Zetta is completely focused on investing in data and machine learning startups. We see lots of horizontal platforms and APIs that anyone can use to add some machine learning models to their application. However, machine learning has advanced to the point where customers expect better than commodity performance. We like to see startups vertically integrating their technical skills with the skills of domain experts and unique data acquisition to build applications with the level of accuracy required in commercial and industrial settings.

This article will describe the state of machine learning, focusing on the importance of domain expertise in feature development and labeling data when building high accuracy models. We will then explore ways in which startups can get the requisite domain expertise and labeled data to build such models. Finally, we will consider some of the challenges in working with customers to develop software based on such models. We won’t teach anyone in the field anything (we recommend that ML practitioners skip the next section) but do hope that you benefit from our perspective having seen thousands of startups and talked to hundreds of customers, and understand a little more about how we think.

Background on Supervised Machine Learning

Machine learning (ML) makes computers intelligent; it enables computers to do many things humans can but at scale, and even many things human cannot. Developing the ML models requires a lot of up-front, human effort. Much of this human effort is in figuring out and programming the features a ML model can use to identify things. In ML (and statistics), a ‘feature’ is a distinct, quantifiable property of what you’re trying to predict.

Sometimes one can just figure out some useful features without much help. For example, we all know that the pupil is a feature of an eye and that it is a black circle. So, when writing an ML model to identify eyes, we would include a feature that is activated when a geometrically circular, black (hexadecimal value #000000) group of pixels is in a given image.

Other times, feature engineering will require the involvement of people with expertise in a particular domain. Everyone can identify a pupil but not everyone can identify the fender from a 2001 Chevy Silverado, for example. Furthering the example, figuring out if that fender is damaged beyond repair or can be banged back into place requires you to know how to fix car parts.

Other times again, one can’t distinguish the features of an object up-front, even if one can generally identify the object. Or, one can’t articulate the features in a way that a machine can generally understand when applying the model to noisy data. For example, I know a zebra when I see it but I couldn’t tell you the typical distance between black and white stripes that means it’s a zebra rather than another thing [2]. We need to know that distance if we want a machine to do lots of zebra recognizing. So, we give a machine a bunch of images and let it learn that typical distance.

Humans can supervise a machine’s feature learning by giving it a set of data that is labeled with inputs and outputs. For example, image x is a zebra and image y is not a zebra. The machine will then find a set of features that it notices in all the x images and not in the y images, in this case the typical distance between black and white stripes in the x images.

Machines can also just work their way through unlabeled data sets, completely unsupervised or semi-supervised. The machine will use various methods (programmed by people) to group the data then conclude that certain groups are significant features of something.
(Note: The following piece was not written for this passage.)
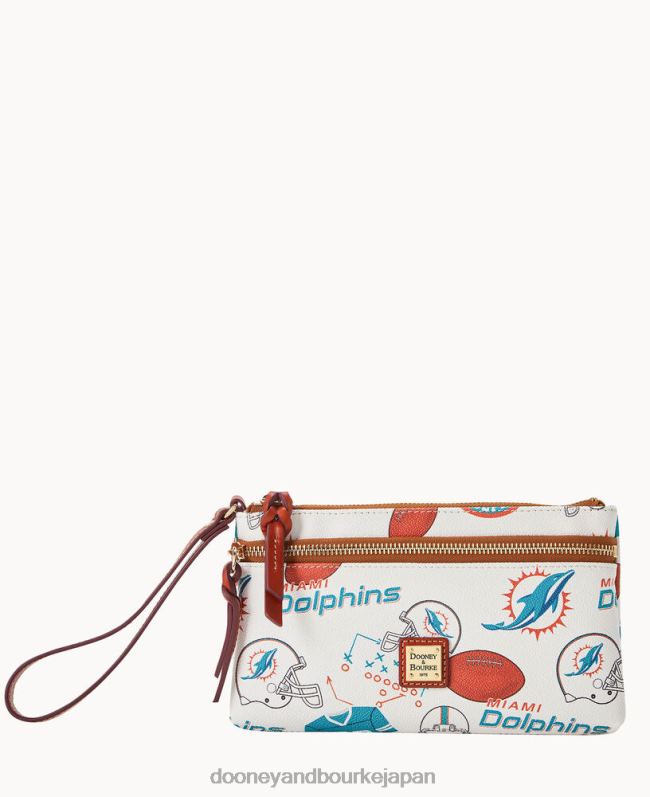 Dooney & Bourke NFL ドルフィンズ ダブル ジップ リストレット A4V004557 アクセサリー マイアミ・ドルフィンズ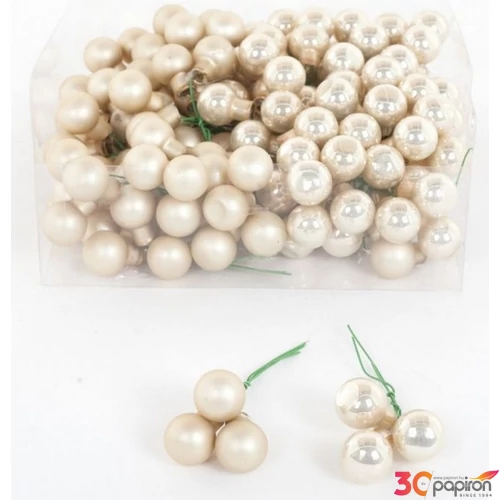 Karácsonyi 2cm gömb pezsgő fényes matt s/144 üveg 3db/fonat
Many people around the world are making fantastic progress in unsupervised ML and it is undoubtedly a key way we will move the field forward. However, we won’t discuss it here because both the accuracy and tractability of unsupervised learning-based models is not high enough for mission-critical commercial and industrial applications.

Summarily, when writing ML models we need to define the features of the things we want to identify and:

  1. sometimes those features are straightforward for anyone to identify;
  2. if not straightforward, we might bring in a domain expert to define some features; then
  3. if still not straightforward, we might write an algorithm to figure out some features by studying labeled things.

A greater number of salient, predictive features make an ML model more accurate so one will often use all three steps above when developing a ML model. Given that number 1 is generic, we’ll now focus on numbers 2 and 3. The background above means that we can quickly get through the remaining points in this article.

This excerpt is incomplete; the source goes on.